Romanian Govt. will eat into cash buffer as banks are reluctant to finance the state
Romania’s finance minister Eugen Teodorovici announced that he instructed the Treasury to no longer borrow money from the local market since the cash buffer is large enough to finance the deficit for six months.
“Once again: the Ministry of Finance has enough money to finance [the deficit]. You know this very well: we have in the Treasury enough money to finance [the deficit] for a long time, at least six months,” Teodorovici said, according to local Agerpres.
On Tuesday, January 29, the Treasury rejected all the offers submitted by banks for bonds with a residual maturity of slightly over ten years.
While the Treasury’s buffer could well cover six months of Government’s net spending, a significant decrease in cash reserves would have a major impact on the cost of borrowing.

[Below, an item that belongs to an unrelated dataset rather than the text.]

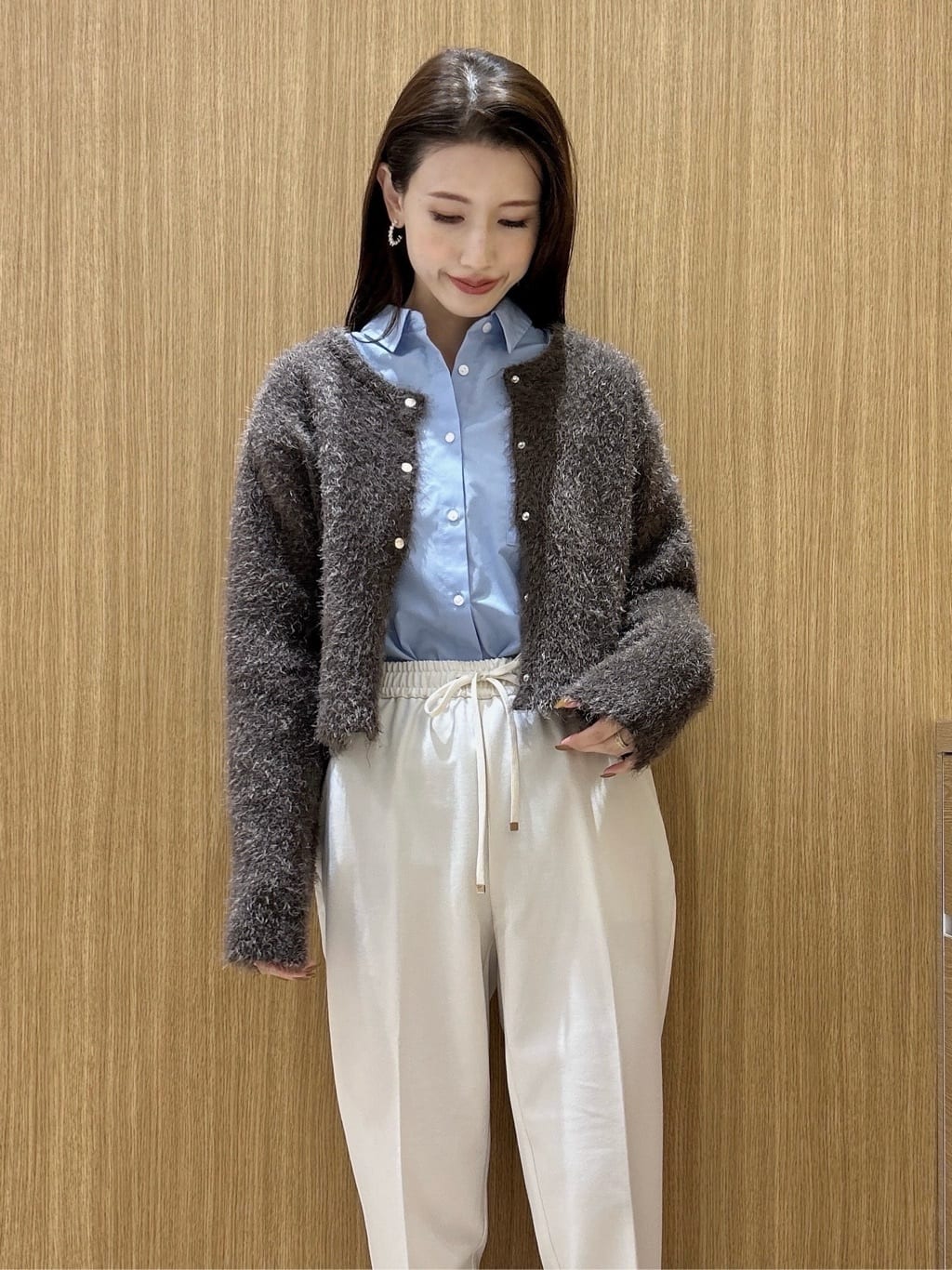 maiさんの「OPAQUE.CLIP｜シャギーショートカーディガン【洗濯機OK】《6col》」を使ったコーディネート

It is rather an escalation, highly risky and potentially costly for the Government, of the tense relations with local banks, which started with the supplementary tax on financial assets, adopted at the end of December, with no prior consultation.
Eugen Teodorovici implied that the Finance Ministry's decision not to borrow from local banks came as a result of an artificial increase in borrowing costs.
Minister Teodorovici said that he wanted to discuss with the banks’ association ARB and the National Bank of Romania (BNR) on the effects of the emergency ordinance 114/2008, but “one of the parties” refused the dialogue. Nonetheless, the Government will have the opportunity to discuss with BNR officials in the macro-prudential surveillance council CNSM that brings together both sides.